Adding a hard drive with xp to a vista computer

harwell37

Distinguished
Nov 4, 2009
1
0
18,510
i am wanting to take a old hard drive that has windows xp and add it to another copmuter that has a hard drive with vista on it what do i need to do thanks
 

TheViper

Distinguished
A few questions first. A you wanting to be able to boot into both Vista and XP or do you just want access to the data on the XP hard drive? Are the hard drives IDE or SATA?

If you just want the data and they are SATA, just plug it in. Don't need to do anything else. If they are IDE, you'll need to power down and add the XP hard drive to the Slave IDE connector on the IDE cable ribbon. Make sure the XP hard drive is set to Slave as well.


I'll get back to you on dual booting as I'm about to leave.
The quick way though is to hook up both hard drives as before but use the BIOS to select the boot order allowing you to boot into which OS you want. Clumsy but it's one way to do it.
 

superhighperf

Distinguished
Jan 17, 2006
81
0
18,630
i just did this and it worked fine. my main drive was in the first spot and the new one is in the second. i did not need to mess with the bios. they are both sata drives

i wanted to keep the xp install just in case the clone i made messed up. i will erase it after a few months ;)
 

Paperdoc

Polypheme
Ambassador
This does not pertain to OP's situation with two SATA drives, but let me correct something TheViper said. He said if you're putting an older IDE (PATA) drive in, set and wire it to be a Slave. Generally that is wrong!

There is no such thing as one Master drive in a whole computer, nor a bunch of Slaves. The Master and Slave designation are merely ways to differentiate two drives that share one port and cable in an IDE system. They are relevant ONLY to that one IDE port they share. EVERY IDE port can have up to two devices (as long as you have a cable with 3 connectors on it). If it is used at all, an IDE port MUST have a Master (set via jumpers on the drive) and it should be plugged into the END connector on the cable. (Sometimes the jumpers need to be set differently depending on whether this is the Master with No Slave, or Master With Slave Present.) IF that port already has a Master device, then the second device MUST be set to Slave, and should be plugged into the middle connector. Exception: you CAN set BOTH devices to "CS" for Cable Select, and then the END device will be the Master.

So, completely independent of any SATA drives you have, if you are putting the ONLY IDE drive on an IDE port, it MUST be the Master of that port. IF the port already has a device that is Master, make the second one a Slave (AND check whether the current Master needs its jumpers changed to allow for the addition of a Slave that was not there before.) If you decide to add the new drive to a second unused IDE port, then it MUST be the Master of that port.

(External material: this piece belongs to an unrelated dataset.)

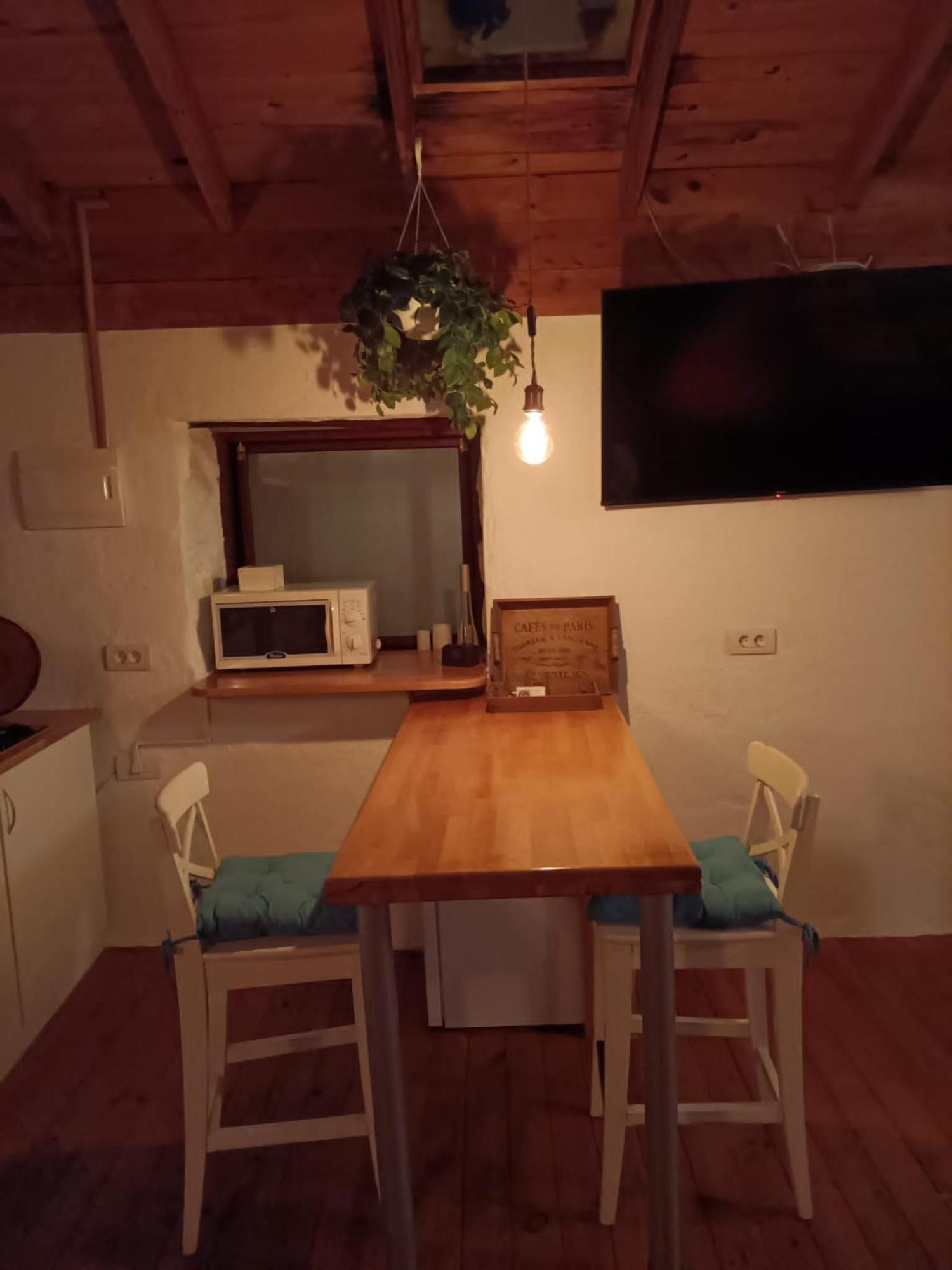 Finca Casa Madera 1 イコー・デ・ロス・ビノス エクステリア 写真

Also, a good guideline to follow: if you have both optical and HDD units on one IDE port, it is better to make the HDD the Master (on the end of the cable, too) and set the optical unit to Slave. If you add an HDD to an IDE port that already has an optical drive and make this change, also check in Windows Disk Manager what letter names Windows assigns to these devices. It might just give the old name for the optical drive to the new HDD, and give the optical unit a different name. You can manually change those to what you really want (to keep Windows happy when trying to find stuff on the drives) by RIGHT-clicking on a drive in Disk Manager and Changing its Name. Back in BIOS Setup, also check the Boot Priority Sequence to be sure the optical drive you expect to use there is still in the list properly, because you have changed its port identity.
 

TheViper

Distinguished
Paperdoc, I think you misunderstood my post as I essentially said the same thing as portions of your 2nd and 3rd paragraph.

Assuming both are IDE drives and Vista is already on the IDE cable, the new HDD with XP would need to be on slave as the Vista HDD would already be set to Master.
 

Paperdoc

Polypheme
Ambassador
TheViper, you're right, I did misread somewhat. I kind of understood the posts as indicating that the old drive is IDE but the existing HDD with Vista installed is SATA, but really OP did not say that at all - no details there. OP's later post finally said both drives are SATA. You're quite right if the Vista disk had been IDE it is VERY likely it's the Master on its port, and the older drive being added would have to be set to Slave if it is to go on the same port.
 

neiroatopelcc

Distinguished
Oct 3, 2006
3,078
0
20,810
If you want to boot from the xp drive you'd need to change boot.ini on the xp drive (from vista) ; my suggetion = copy the 'windows' entry serveral times over, and change the device settings from 0 to 1 etc so you can boot from different controllers and/or drive numbers. Windows xp won't anymore be the first drive on the first controller enumerated after all.
You need to remove the system and read-only attributes to do that (<win>+r type attrib e:\boot.ini -r -s ) if we imagine the xp drive is E: ; add -h if you haven't set up your windows to show hidden files and folders.
When you've done all of that you need to use bcdedit (another command line program) to add widnows xp to your vista boot loader.